→ **Work instruction**: Each line of data below must be printed exactly as written, with any pictures removed.

→ **Available data**:
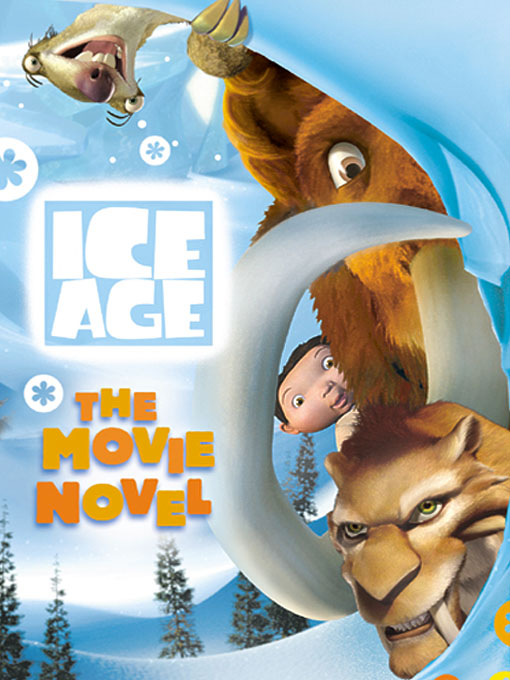 Click image to view full cover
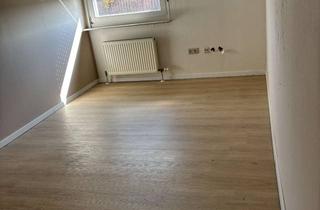 Wohnung mieten in 56414 Meudt, helle 3-Zimmer-Dachgeschosswohnung in Meudt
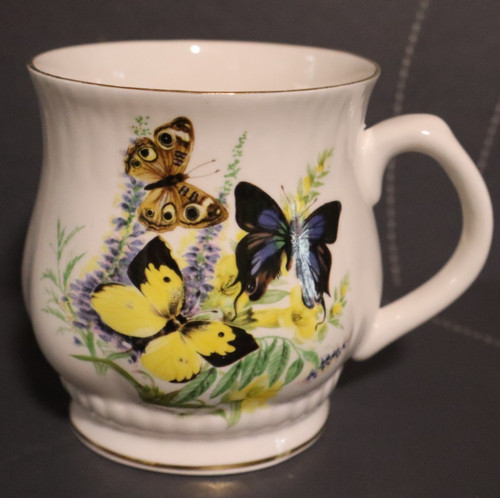 Ashley staffordshire - staffordshire, 3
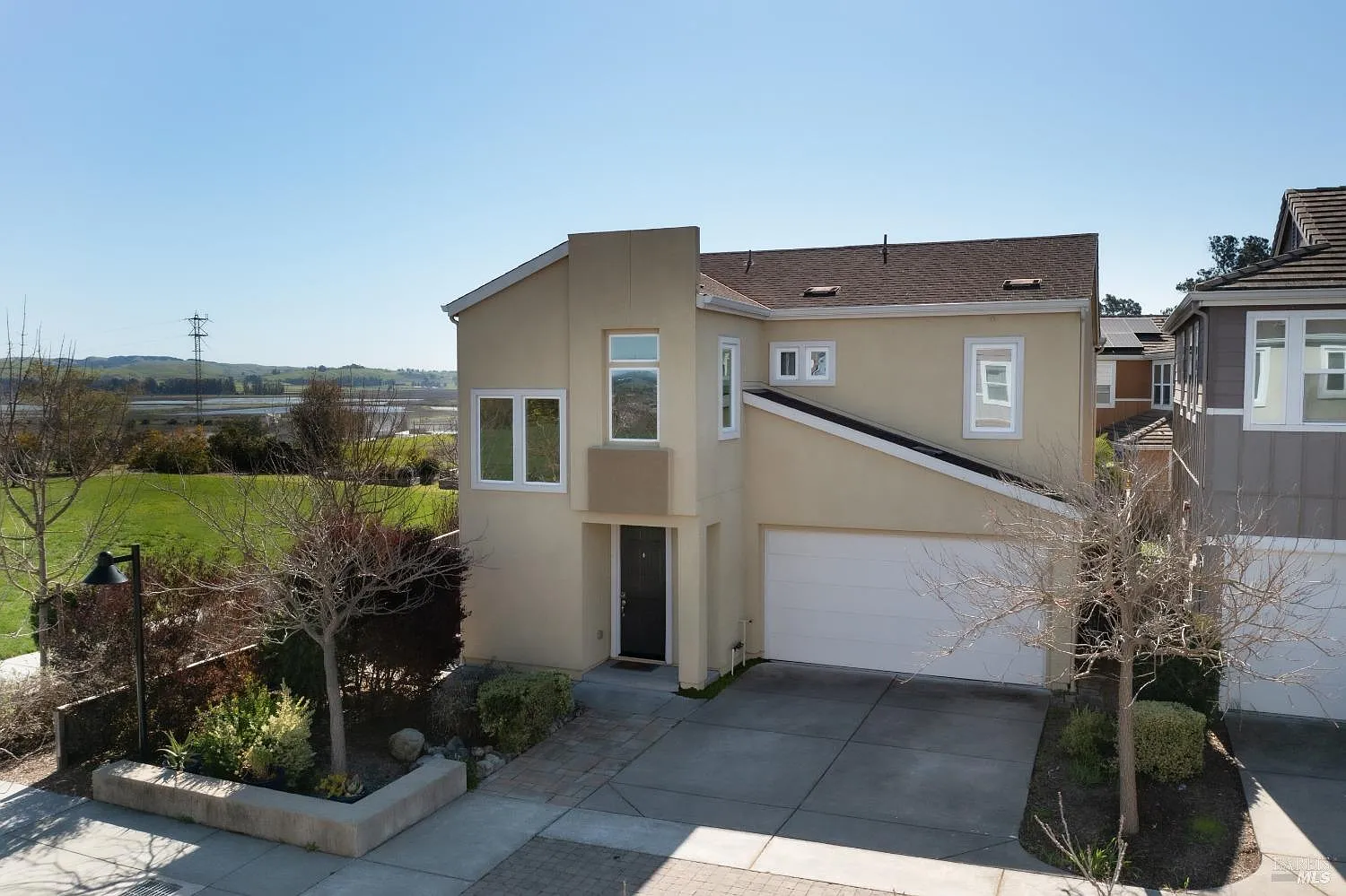6 Borazon Court photo 1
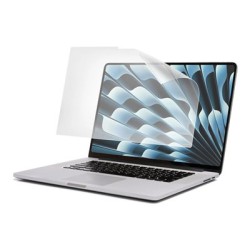 Dicota Filter adhesive, Anti-Glare Filter 9H adhesive Apple Macbook Neo 13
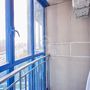 Продажа однокомнатной квартиры - Королёва проспект, д.7 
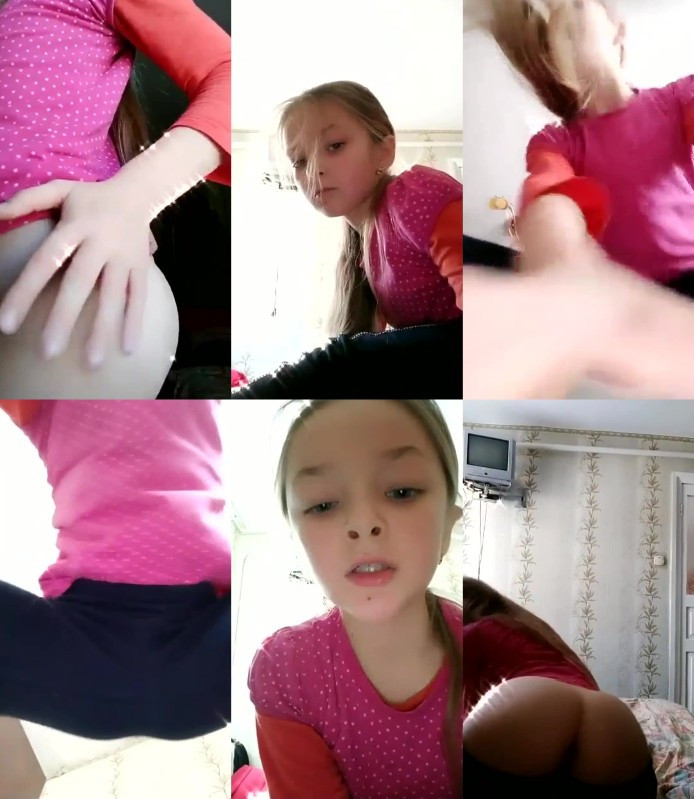 [Image: p1Kz3W6B5a.jpg]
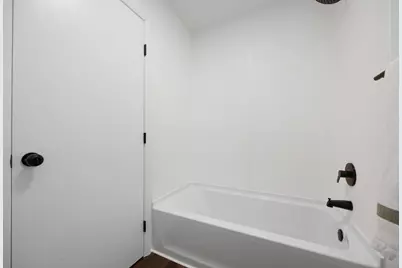 809 Cherrydale Avenue, Columbus, OH 43207 - Photo 31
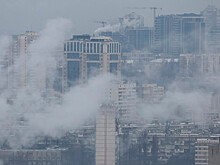 Кличко раскрыл последствия ночной атаки по Киеву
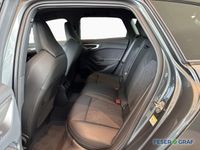 Audi A5 - Vorschau Bild 13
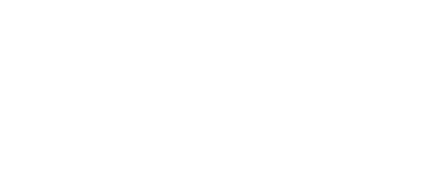 Marble Imaging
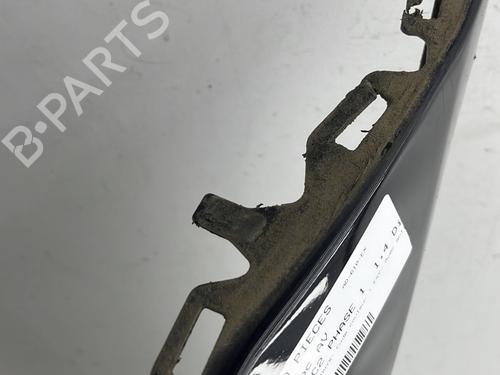 Front bumper CITROËN C2 (JM_) 1.4 HDi | BP30144281C7 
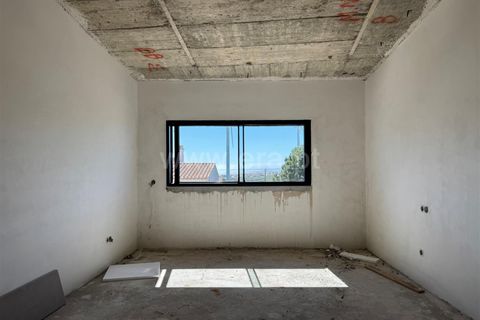 Villa i Mafra, Lisbon, Mafra - € 580.000 | Ref: 051250032 - foto 7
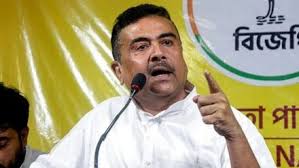 विपक्ष ने TMC और अधिकारियों पर मिलीभगत का आरोप लगाया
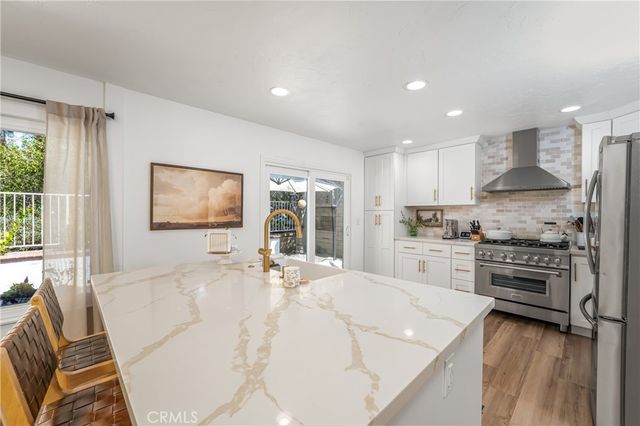 26965 Parkmont, Lake Forest, CA 92630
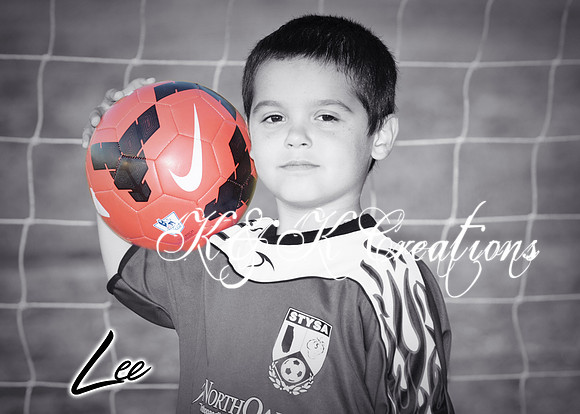 lee_taylor_3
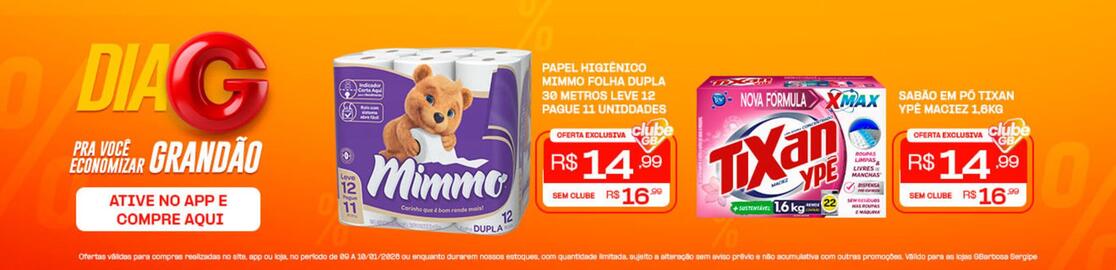 Encarte GBarbosa Página 4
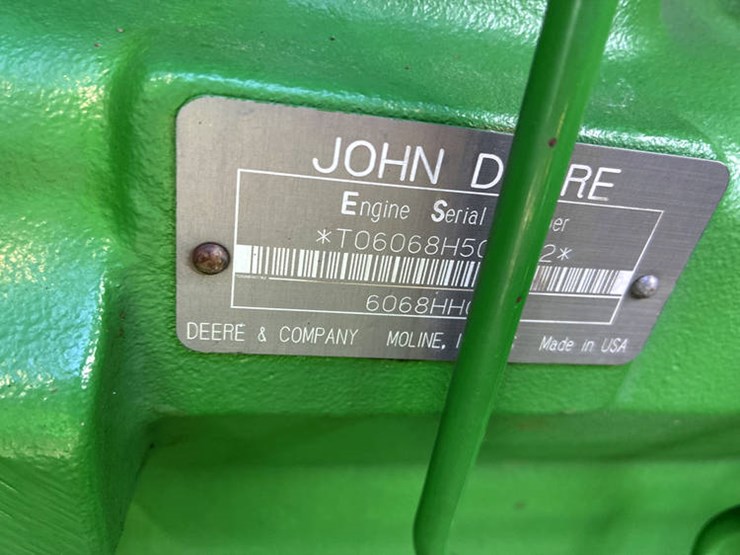 john-deere-9400-image-85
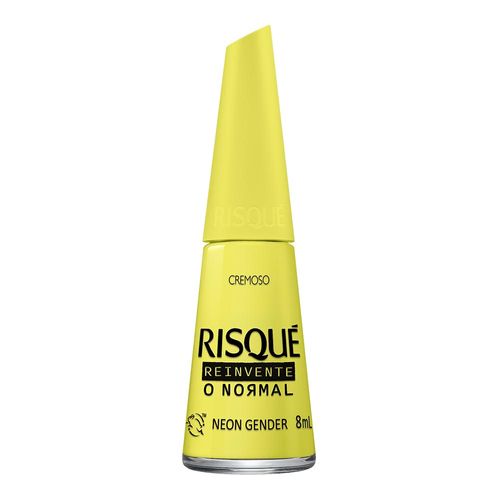 815101---Esmalte-Risque-Neon-Gender-Reinvente-o-Normal-8ml-1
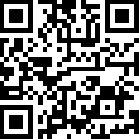 永辉生活生鲜配送30分钟极速达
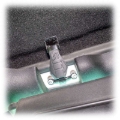 Picture of TURN Offroad TOR Hard Top Hard Top Accessories - HTJKSQ2-M4P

→ **Completed task**:
 Click image to view full cover
 Wohnung mieten in 56414 Meudt, helle 3-Zimmer-Dachgeschosswohnung in Meudt
 Ashley staffordshire - staffordshire, 3
6 Borazon Court photo 1
 Dicota Filter adhesive, Anti-Glare Filter 9H adhesive Apple Macbook Neo 13
 Продажа однокомнатной квартиры - Королёва проспект, д.7 
 [Image: p1Kz3W6B5a.jpg]
 809 Cherrydale Avenue, Columbus, OH 43207 - Photo 31
 Кличко раскрыл последствия ночной атаки по Киеву
 Audi A5 - Vorschau Bild 13
 Marble Imaging
 Front bumper CITROËN C2 (JM_) 1.4 HDi | BP30144281C7 
 Villa i Mafra, Lisbon, Mafra - € 580.000 | Ref: 051250032 - foto 7
 विपक्ष ने TMC और अधिकारियों पर मिलीभगत का आरोप लगाया
 26965 Parkmont, Lake Forest, CA 92630
 lee_taylor_3
 Encarte GBarbosa Página 4
 john-deere-9400-image-85
 815101---Esmalte-Risque-Neon-Gender-Reinvente-o-Normal-8ml-1
 永辉生活生鲜配送30分钟极速达
 Picture of TURN Offroad TOR Hard Top Hard Top Accessories - HTJKSQ2-M4P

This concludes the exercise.